Brief >> Retype exactly what appears below from the line containing "Geesje Sturre - Wijde" down to the line containing "Erdnussbruch 25kg", keeping both end lines. Do not include pictures.

Information supplied >>
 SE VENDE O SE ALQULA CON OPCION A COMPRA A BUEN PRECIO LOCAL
==
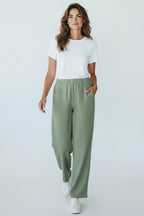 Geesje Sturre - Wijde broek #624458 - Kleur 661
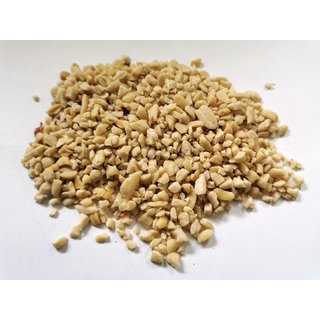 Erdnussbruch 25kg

Exercise output >>
 Geesje Sturre - Wijde broek #624458 - Kleur 661
 Erdnussbruch 25kg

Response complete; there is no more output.